Che sia così lo dimostra l’ipotesi di cambiare una legge nuovissima, solo perché sono cambiate le condizioni del gioco ovvero erano state calcolate male sin dall’inizio (in sostanza, con l’Italicum, M5S vincerebbe al ballottaggio e questo fa rabbrividire la II Repubblica). Corto respiro nell’approvazione delle norme, cortissimo respiro adesso nella loro auspicata riformulazione. Questo accade a ‘liberare’ la decisione da tutto quello che è invece indispensabile a essa, tale da renderla ‘pesante’, rilevante, capace di produrre oggetti normativi adeguati alle circostanze storiche (come fu per la Costituzione 70 anni fa, ma non è per questa nuova legge sottoposta a referendum). E dunque: lo studio, il dibattito pubblico, il coinvolgimento dei cittadini, la diffusione ampia, critica dei contenuti, una coscienza collettiva della dimensione del problema e del carattere della sua soluzione. Pagnoncelli oggi spiega, ad esempio, che solo il 10% dei cittadini dichiara di conoscere nel dettaglio la riforma costituzionale, mentre il 46% ne ha appena sentito parlare e spesso nemmeno quello. E certo che poi lo scontro si personalizza: a causa della fretta non si conosce nemmeno la materia del contendere! Il decisionismo renziano, animato solo da esigenze di marketing e di consenso mediatico, produce il nulla, l’inconsistenza, lo zero virgola legislativo.

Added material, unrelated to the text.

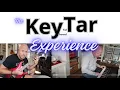 The KeyTar Experience - Moderne Gitaar en Keyboard Les methode - Gouda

È la prova provata che ‘decidere’ nei modi e nelle forme auspicate da Renzi non vuol dire velocizzare e sostanziare il lavoro del Parlamento, ma solo creare dei ‘mostri’ inservibili, vecchi da subito, adeguati alle ragioni della propaganda ma non a quelle del pensiero politico e istituzionale. La decisione infondata richiama sempre nuove e successive decisioni infondate, a riparazione o completamento delle prima, in una sorta di caterva decisionale che somiglia tantissimo a una caterva di chiacchiere. Con una coazione a ripetere dello stesso schema iniziale (“si discute ma poi si deve decidere, e basta con l’assemblearismo” ripetono i replicanti) che smentisce, nei risutati aleatori, le premesse. Una decisione che produce tanta successiva indecisione, e trattative, e tattiche, e valutazioni contraddittorie, che sono il vero risultato di questa ansia da prestazione, che colpisce la parte peggiore della politica, la stessa che ogni tanto ci regala un ventennio di buio.